Frauenförderung und Chancengleichheit in der Mobilitätsbranche

Worin liegen die Ursachen für den niedrigen Anteil an Frauen in der Mobilitätsbranche? Welche Chancen und Grenzen gibt es für die Frauenförderung? Diese Fragen diskutierten die rund 60 Teilnehmenden einer Netzwerkveranstaltung der Women for Datadriven Mobility. Gemeinsam mit der Parlamentarischen Staatssekretärin im BMDV, Daniela Kluckert, sowie Vertreterinnen aus dem BMDV und dem BMWK loteten sie diesbezügliche Maßnahmen und Perspektiven aus.

Im europäischen Verkehrs- und Transportsektor betrug der Frauenanteil bei den Beschäftigten im Jahr 2019 laut EU‑Kommission 22 Prozent. Bei den Start-up-Gründungen im Jahr 2022 gab es – einer Erhebung des Deutschen Startup Monitors zufolge – lediglich 20 Prozent Frauen als Gründerinnen. Diese Befunde nahm das Netzwerk Women for Datadriven Mobility (WDM) zum Anlass für eine weitere Veranstaltung. Ausgangspunkt war die Frage, welche strukturellen Veränderungen benötigt werden, um mehr Frauen für die Mobilitätsbranche zu gewinnen. Wie gelingt die Vereinbarkeit von Beruf und Familie? Und welche Rahmenbedingungen sind für eine erfolgreiche Frauenförderung nötig?

Foto, das Daniela Kluckert zeigt, links neben ihr eine Deutschland-Fahne und eine EU-Fahne, hier ihr eine blaue Wand, auf der die Internetadresse des BMDV mehrfach zu lesen ist.

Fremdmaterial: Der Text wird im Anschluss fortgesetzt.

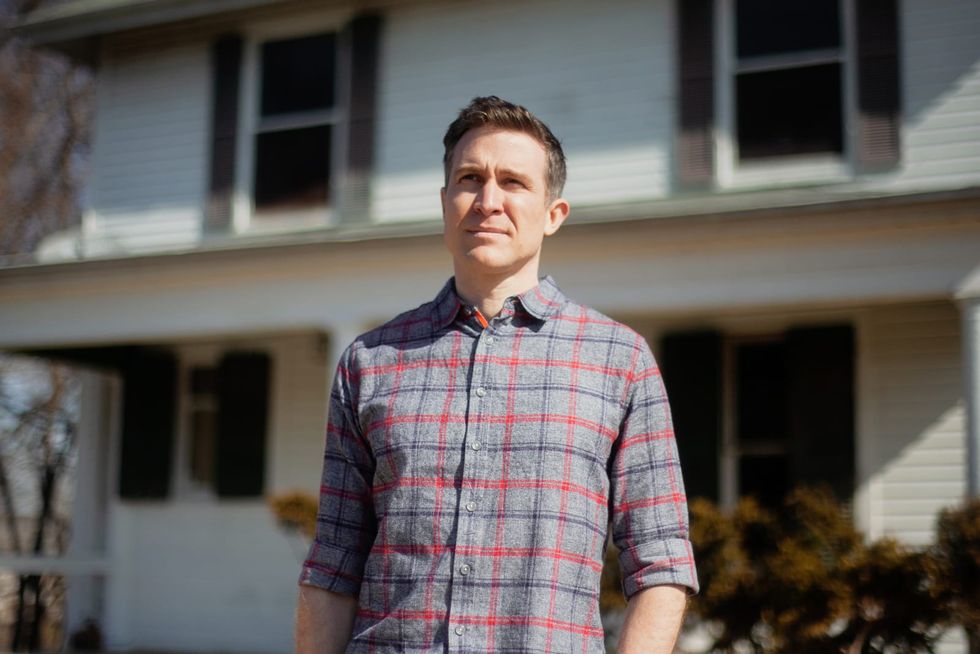 On Jan. 6 anniversary, Missouri Democrat Kunce launches bid to challenge Josh Hawley in 2024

Screenshot des Videostandbildes: Emmett

Daniela Kluckert, Parlamentarische Staatssekretärin beim Bundesminister für Digitales und Verkehr (BMDV), während ihres Grußworts
Gender Data Gap auch auf EU-Ebene behandeln und regulieren

„Es geht viel Potenzial verloren, wenn Diversität nicht mit bedacht wird, sagte Daniela Kluckert, Parlamentarische Staatssekretärin beim Bundesminister für Digitales und Verkehr (BMDV), die die Veranstaltung eröffnete. Sie betonte in ihrem Grußwort, dass die Perspektive von Frauen bereichsübergreifend stärker verankert werden müsse. Dafür sei es zum einen essenziell, auf die bestehende Gender Data Gap und die Unterrepräsentanz von weiblichen Daten, beispielsweise im Umgang mit KI, konsequent aufmerksam zu machen und dies gesetzlich auch auf EU-Ebene zu regulieren. Zum anderen müssen bessere Rahmenbedingungen geschaffen werden, um die Mobilitätsbranche für Frauen attraktiver zu gestalten. Im BMDV seien bereits Maßnahmen ergriffen worden, beispielsweise durch die Möglichkeit, eine Referatsleitung auf zwei Stellen aufzuteilen. Das komme nicht nur Frauen zugute, sondern biete auch Männern eine bessere Vereinbarkeit von Beruf und Familie. Zusätzlich seien Unternehmen gefragt, dem Fachkräftemangel entgegenzuwirken, indem sie den Arbeitsalltag gezielt an weibliche Bedürfnisse anpassen und verändern.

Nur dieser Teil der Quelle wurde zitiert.